FIG. 9 is a flowchart for explaining another exemplary method for accumulating training data for machine-learning a cost function, particularly, how to acquire training data through simulation, rather than from an on-site line. For convenience of explanation, the embodiment of FIG. 9 will hereinafter be described, focusing mainly on aspects that differ from those explained with reference to FIG. 8.

Referring to FIG. 9, the values of weights are changed randomly (S612).

As described earlier with reference to FIG. 8, in the case of acquiring training data from an on-site line, the values of weights are changed based mainly on the operator's experience, which, however, may not cover a wide range of values. In contrast, using simulation allows setting the weights to a wider range of values, even beyond the operator's prediction. A cost function is determined based on randomly determined weight values.

Thereafter, a simulation is conducted according to the changed weight values (S622).

Specifically, the cost function is determined based on the changed weight values, and costs between waypoints to a particular destination are calculated using the determined cost function. Based on the calculated costs, a path to the destination is determined using a particular algorithm. Then, a simulation is performed that moves each transport vehicle 20 according to the determined path.

Thereafter, the results of the simulation are accumulated as training data (S630).

Thereafter, returning to step S612, the values of the weights are changed randomly again, and a simulation is conducted according to the changed weight values, thereby accumulating training data. These processes are repeated N times. Training data accumulated in this manner may be in the format as shown in Table 1.

FIG. 10 is a flowchart for explaining an exemplary machine learning method using training data.

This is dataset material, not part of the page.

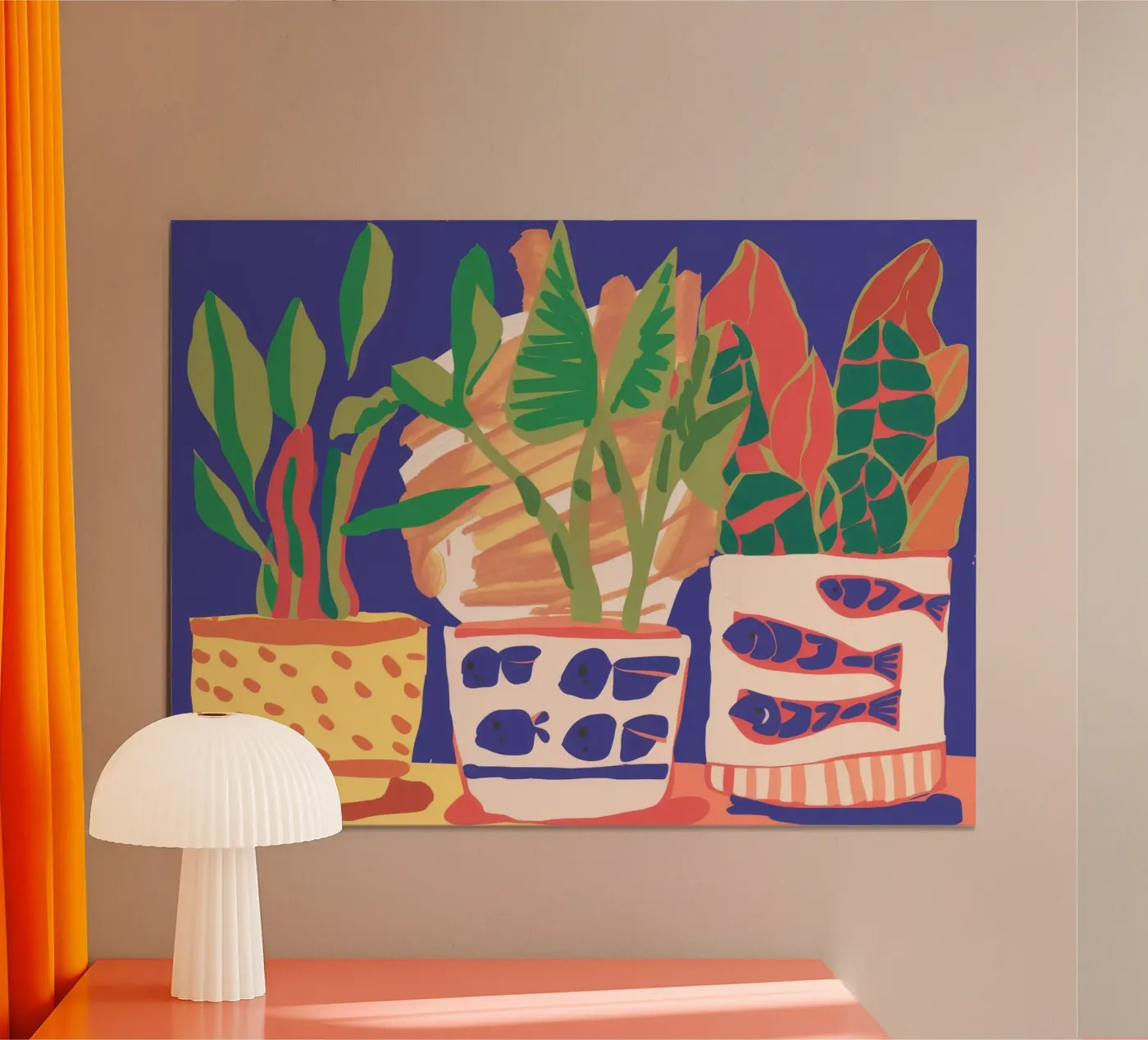 Potted Plant Array poster da Lumie Layers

Referring to FIG. 10, machine learning begins (S640).

Specifically, machine learning commences using the training data accumulated through the method of FIG. 8 or 9. That is, machine learning starts to determine the values of the weights α, β, and γ of a cost function.

Supervised learning may be used as a machine learning algorithm, but the present disclosure is not limited thereto. Alternatively, unsupervised learning or semi-supervised learning may also be used.

The outcome of machine learning may vary depending on the objective of machine learning.

For example, the cost function may be optimized to maintain the SoC of the battery of each transport vehicle at a target level (“Yes” in step S651). The target level may be a value set in advance or a value input by the operator.

Alternatively, the cost function may be optimized to minimize transport time while maximizing the SoC of the battery of each transport vehicle (“Yes” in step S652).

The cost function may be optimized using, for example, an iterative method, but the present disclosure is not limited thereto.

In this manner, the optimal values of the weights are determined through machine learning (S650).

Although embodiments of the present disclosure have been described with reference to the accompanying drawings, it should be understood by those skilled in the art that the invention can be implemented in other specific forms without changing its technical spirit or essential features. Therefore, the described embodiments should be considered in all respects as illustrative and not restrictive.